▶ **TO DO**: Report how many lines below contain the word "Canvas", giving the number and no other words.

------ PROVIDED RECORDS

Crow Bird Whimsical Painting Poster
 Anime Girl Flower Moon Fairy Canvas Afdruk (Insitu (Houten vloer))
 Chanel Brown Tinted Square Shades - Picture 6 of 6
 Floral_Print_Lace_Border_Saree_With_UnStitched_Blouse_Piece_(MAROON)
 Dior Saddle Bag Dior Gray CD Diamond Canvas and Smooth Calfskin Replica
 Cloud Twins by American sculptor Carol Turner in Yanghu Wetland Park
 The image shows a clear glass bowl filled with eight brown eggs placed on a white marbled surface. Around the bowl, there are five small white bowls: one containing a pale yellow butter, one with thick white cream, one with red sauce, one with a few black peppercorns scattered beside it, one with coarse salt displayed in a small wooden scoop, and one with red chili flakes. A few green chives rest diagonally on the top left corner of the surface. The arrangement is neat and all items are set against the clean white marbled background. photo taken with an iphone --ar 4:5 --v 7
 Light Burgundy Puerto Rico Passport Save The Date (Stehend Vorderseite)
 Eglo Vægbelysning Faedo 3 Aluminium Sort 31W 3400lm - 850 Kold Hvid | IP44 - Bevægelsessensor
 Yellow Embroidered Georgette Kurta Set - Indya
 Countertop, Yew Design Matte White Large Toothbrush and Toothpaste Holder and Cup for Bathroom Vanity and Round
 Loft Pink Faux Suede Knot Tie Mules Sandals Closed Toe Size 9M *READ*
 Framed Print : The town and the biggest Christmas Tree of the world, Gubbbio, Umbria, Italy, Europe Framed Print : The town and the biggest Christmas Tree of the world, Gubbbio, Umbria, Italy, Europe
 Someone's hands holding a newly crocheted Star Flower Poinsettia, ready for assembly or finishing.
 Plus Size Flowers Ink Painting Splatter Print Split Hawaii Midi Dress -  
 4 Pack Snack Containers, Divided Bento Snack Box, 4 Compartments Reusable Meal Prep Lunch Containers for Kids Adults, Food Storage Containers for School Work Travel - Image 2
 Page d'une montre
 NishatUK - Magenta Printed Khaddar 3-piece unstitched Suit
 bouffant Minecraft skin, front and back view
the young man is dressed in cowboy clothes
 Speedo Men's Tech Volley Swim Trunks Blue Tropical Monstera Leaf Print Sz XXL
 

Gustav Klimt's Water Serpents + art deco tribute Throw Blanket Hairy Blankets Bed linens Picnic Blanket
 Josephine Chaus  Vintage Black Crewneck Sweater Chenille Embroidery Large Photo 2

------------

▶ **PROBLEM SOLUTION**: 2